Nach Element-Insolvenz

BaFin fordert Protektor für Schaden-/Unfallversicherer

Nach der Pleite des Versicherers Element fordert die BaFin eine Auffanggesellschaft für finanziell strauchelnde Schaden-/Unfallversicherer. Die Insolvenz der Berliner hatte Kunden und Maklern erhebliche Probleme beschert.

Julia Wiens

Julia Wiens, BaFin-Exekutivdirektorin für die Versicherungs- und Pensionsfondsaufsicht, fordert einen Sicherungsfonds à la Protektor auch für Komposit-Versicherer. | Quelle: BaFin/Matthias Sandmann

Die Bundesanstalt für Finanzdienstleistungsaufsicht (BaFin) fordert eine Auffanggesellschaft für insolvente Schaden-/Unfallversicherer.
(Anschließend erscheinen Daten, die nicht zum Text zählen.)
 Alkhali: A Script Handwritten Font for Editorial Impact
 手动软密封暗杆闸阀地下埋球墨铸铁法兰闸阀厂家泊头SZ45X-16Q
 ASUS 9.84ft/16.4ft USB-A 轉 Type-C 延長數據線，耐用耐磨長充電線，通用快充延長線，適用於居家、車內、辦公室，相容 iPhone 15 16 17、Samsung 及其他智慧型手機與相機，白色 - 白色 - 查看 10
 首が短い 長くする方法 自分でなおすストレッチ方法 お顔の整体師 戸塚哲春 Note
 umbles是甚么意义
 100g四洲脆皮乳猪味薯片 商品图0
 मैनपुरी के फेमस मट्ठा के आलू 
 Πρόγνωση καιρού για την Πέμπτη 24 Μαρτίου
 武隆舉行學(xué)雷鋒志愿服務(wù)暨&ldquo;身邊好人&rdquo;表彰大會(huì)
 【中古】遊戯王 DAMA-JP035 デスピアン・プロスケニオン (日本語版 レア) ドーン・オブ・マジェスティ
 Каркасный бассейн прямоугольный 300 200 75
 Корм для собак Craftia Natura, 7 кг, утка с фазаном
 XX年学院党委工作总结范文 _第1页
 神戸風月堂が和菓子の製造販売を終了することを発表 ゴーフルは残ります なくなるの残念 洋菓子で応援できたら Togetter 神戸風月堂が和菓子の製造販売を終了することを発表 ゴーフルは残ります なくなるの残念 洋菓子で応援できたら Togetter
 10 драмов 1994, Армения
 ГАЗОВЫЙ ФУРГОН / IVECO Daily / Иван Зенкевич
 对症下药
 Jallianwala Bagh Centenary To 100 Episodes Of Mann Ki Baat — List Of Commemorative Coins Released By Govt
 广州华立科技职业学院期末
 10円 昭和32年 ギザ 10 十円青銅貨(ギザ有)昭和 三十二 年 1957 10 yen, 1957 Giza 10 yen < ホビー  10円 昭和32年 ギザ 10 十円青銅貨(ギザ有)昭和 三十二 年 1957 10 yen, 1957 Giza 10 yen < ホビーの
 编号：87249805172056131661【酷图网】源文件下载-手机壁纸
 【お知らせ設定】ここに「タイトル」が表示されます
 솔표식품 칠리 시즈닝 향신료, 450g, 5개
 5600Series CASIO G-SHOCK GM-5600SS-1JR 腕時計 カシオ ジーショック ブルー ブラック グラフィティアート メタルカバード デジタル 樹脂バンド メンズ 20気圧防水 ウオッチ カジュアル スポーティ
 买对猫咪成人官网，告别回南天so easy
Während die Branche für Lebensversicherer die Protektor Lebensversicherungs-AG und für private Krankenversicherer die Medicator AG initiiert habe, gebe es so etwas im Komposit-Bereich noch nicht, sagte die BaFin-Exekutivdirektorin für die Versicherungs- und Pensionsfondsaufsicht, Julia Wiens, am Donnerstag auf einer Fachveranstaltung. „Deshalb plädieren wir für einen Sicherungsfonds im Bereich Schaden/Unfall“, so Wiens.

Weiter führte die Exekutivdirektorin in ihrer Rede aus: „Und wir haben jüngst gesehen: Die Insolvenz eines Versicherers im Bereich Schaden/Unfall kann erhebliche Probleme nach sich ziehen.“ Gemeint ist damit die Insolvenz des Berliner Versicherers Element Anfang 2025. Diese versetzte nicht nur Kundinnen und Kunden in Sorge darüber, ob zum Beispiel ihre Häuser weiterhin versichert waren und ob zuvor eingereichte Schäden überhaupt noch reguliert würden. Für kooperierende Makler und Assekuradeure ging es zudem auch um ihre Existenz und für die Versicherungsbranche um ihre Reputation.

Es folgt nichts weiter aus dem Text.